It was actually a colony for quite some time. So, to say that everyone who came here was an immigrant is essentially a lie. It was a British colony and British people that moved there weren't immigrating. But those are just semantics.
Before America became a country, there were people here. They had a backwards culture and constantly killed each other. We civilized this place and brought our culture and made a country.
The 1607-1776 people MADE the country, so...... not really irrelevant.
It was influenced greatly by people before 1776, but after that it became American culture. Native American culture has very little to no influence on the values we have, so their culture is irrelevant, while the settlers' is not.
I never said that people who settled after 1776 weren't immigrants. The whole point of this was to say that not all immigrants are the same and that we have had periods in which we didn't accept large amounts of immigrants for long periods as we have since the 1960s.
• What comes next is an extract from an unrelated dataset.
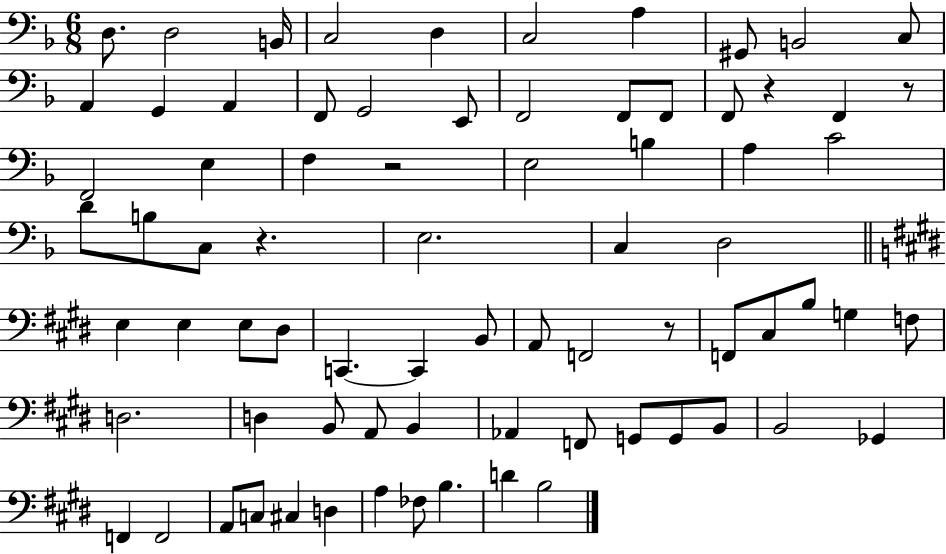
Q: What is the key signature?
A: F major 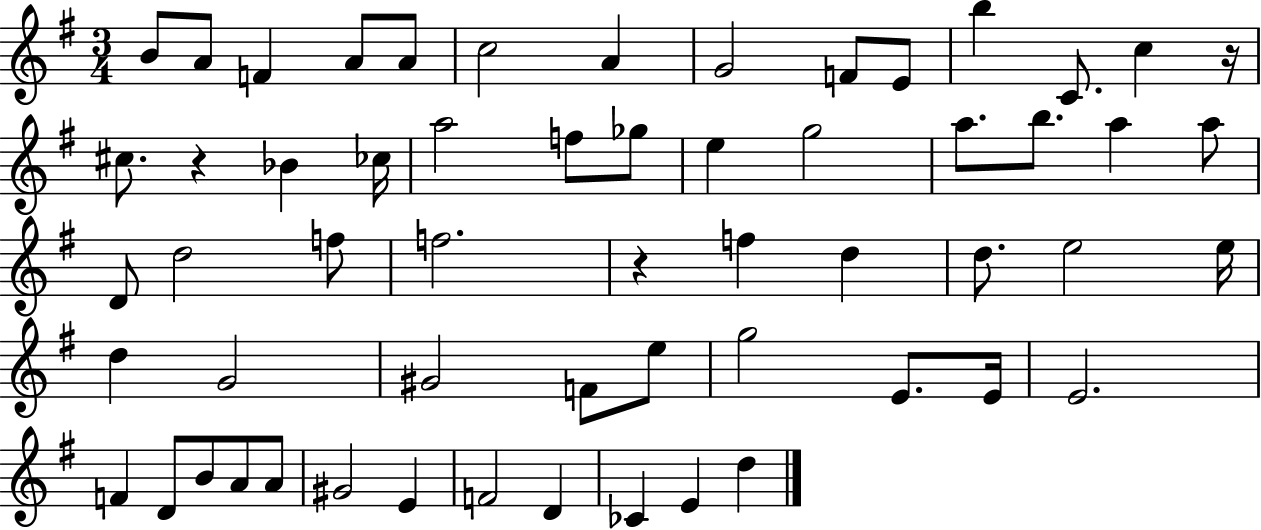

Tell me, how are 17th and 18th century British colonists or even 19th century Irish immigrants the same as 21st century Mexican immigrants? Are their cultures the same? Are their incentives for coming to our country the exact same? Are their relative education levels to native citizens the same? Are they learning our language at the exact same rates? Are they assimilating the same? Are America's social, economic, and political climates the exact same as 200-300 years ago?
Likely none of these are the same between groups, so of course not all immigrants are equal and not all will assimilate as well.